Apartheid was not a figment of people’s imaginations.

It was a political, economic and social system based on the subjugation of one section of the population and the deliberate placing of another segment of the population at an advantage. What we also know is that the apartheid system wrought enormous suffering.

It stands to reason then that apartheid, which was systematically implemented for 46 years, would also have to be dismantled systemically.

That is why the Constitution explicitly speaks about redress as an imperative. Hence the restitution legislation that gives effect to that constitutional imperative.

It was very encouraging then that in its legal argument in the now famous Renate Barnard case, union Solidarity tacitly did not contest this and fought the case on its merits.

The merits were about how a competent and committed member of the SA Police Service (SAPS) had been twice unfairly denied a promotion despite being the best candidate.

Solidarity argued that this was unfair racial discrimination, and misinterpretation of the employment equity legislation and even the codes of the SAPS.

The trade union said such behaviour would have the long-term effect of harming service delivery because Barnard had valuable skills to impart and was being denied the right to do so.

So far, so logical.

However, in its message outside court, Solidarity sang a different tune. It turned Barnard into a poster girl for the struggle against “reverse racism”.

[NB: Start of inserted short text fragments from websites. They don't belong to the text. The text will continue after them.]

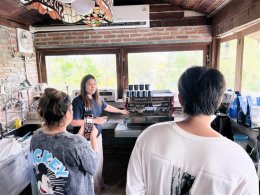 รีวิวติดตั้งเครื่องชงกาแฟ Fiorenzato Arena 2g
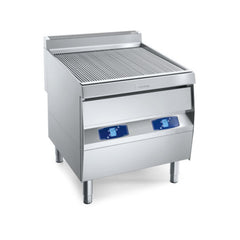Grill vapor electric, 800mm, pe suport, control digital, Linia 900, DIGIT 9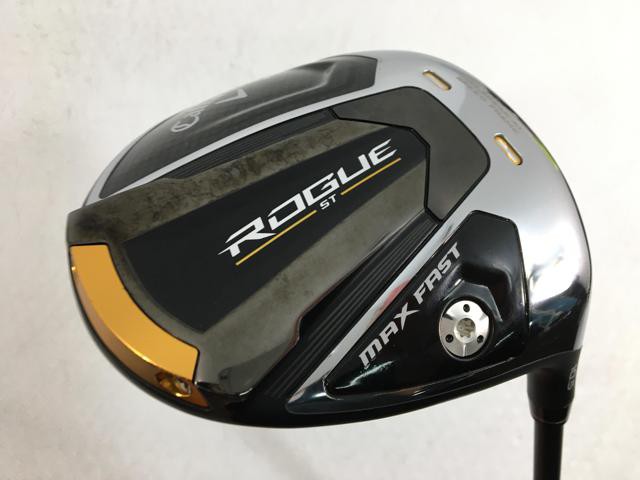 【中古ゴルフクラブ】キャロウェイ ROGUE(ローグ) ST MAX FAST ドライバー 2022 (日本仕様) SPEEDER NX 40 for Callaway 1W【14日間返品O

In her was the ultimate proof that affirmative action was the enemy of the white person. Success in this case would signal a major victory in this struggle by South Africa’s new oppressed: the whites.

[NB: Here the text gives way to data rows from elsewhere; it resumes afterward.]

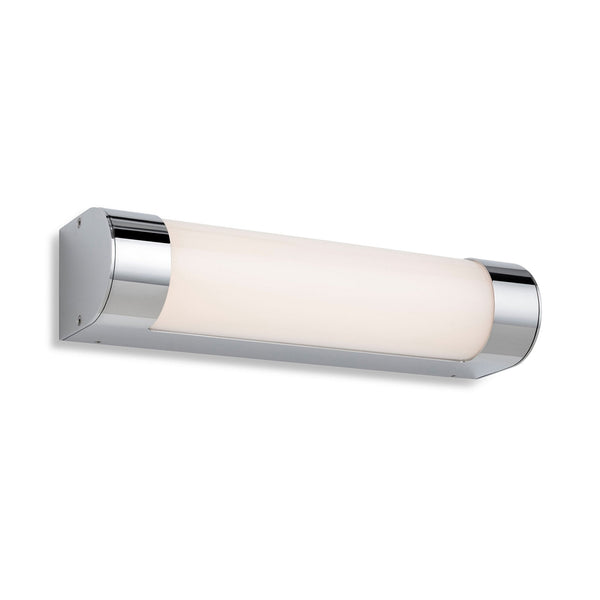 Lima 300mm IP44 LED Wall Light in Chrome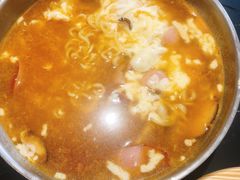 芝士辛拉面-HONGA HONGA雄家(曹路店)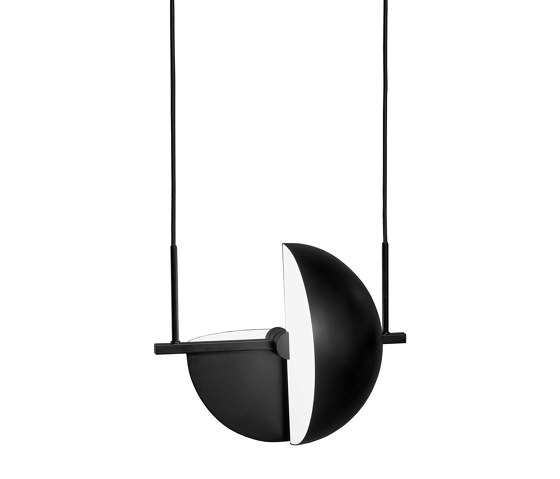 Trapeze Pendant Black | Suspended lights | Oblure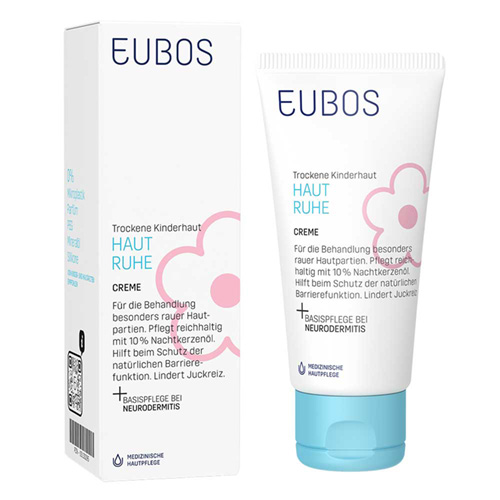 EUBOS KINDER Haut Ruhe Creme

The case became an emotive subject, pitching opponents and supporters of affirmative action against each other.

The emotions seesawed as the case went through the different levels of the judicial system. When the labour court ruled in favour of Barnard, opponents of affirmative action hooted in the traffic.

When the Labour Appeal Court overturned this ruling, it was the turn of affirmative action advocates to sway their hips. But this would be short-lived as the Supreme Court of Appeal batted the other way.

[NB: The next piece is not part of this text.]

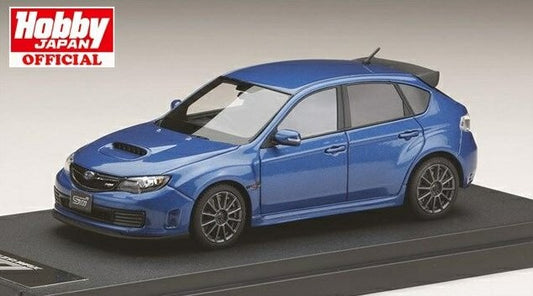 [ Back-order ] MARK43 PM4370RBL 1:43 Subaru IMPREZA R205 WR Blue Mica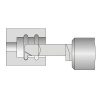 Мини-резец твердосплавный канавочный 4x10x50 мм, R 0,75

Then came the Constitutional Court judgment, which had the one side spitting on the ground and the other punching their fists in the air.

The emotion that accompanied this case and greeted its conclusion overwhelmed sober debate about its meaning. It was an important case that will long determine how we approach redress and restitution.

The Constitutional Court judgment, which had four separate opinions, was one of the most astute works by our highest court.

If they are not opposed to transformation and are committed to a forward-looking South Africa, Solidarity and their fellow travellers should read the judgment properly and see it for what it is.

They should avoid the lazy interpretation that the highest court in the land says there is no place for whites.

Probably the most important word in the judgment is ‘rational’. The overwhelming thrust of the judgment is that the implementation of redress must be done in a rational manner, that it should seek to right wrongs of the past, and create the conditions for a fair and just society.

The main judgment by Deputy Chief Justice Dikgang Moseneke reads: “It must be applied to advance its legitimate purpose and nothing else. Ordinarily, irrational conduct implementing lawful projects attracts unlawfulness. Therefore, implementation of corrective measures must be rational.”

The judgment also states strongly that “beneficiaries of affirmative action must be equal to the task at hand”, and also affirms the stance that the measure must not be “a refuge for the mediocre and incompetent”.

Those who benefit from affirmative action, Moseneke says, “must be suitably qualified people in order not to sacrifice efficiency and competence at the altar of remedial employment”.

Far from being a blank cheque for cadre deployment, the automatic favouring of people with high melanin counts and the exclusion of paler citizens, the judgment enjoins South Africans to think deeper about the intention, implementation and desired outcomes of affirmative action.

This important judgment is a huge empowerment tool for those who want to see affirmative action meet its stated objective of normalising society and for those who want to prevent the policy from being abused for vindictive and short-sighted purposes.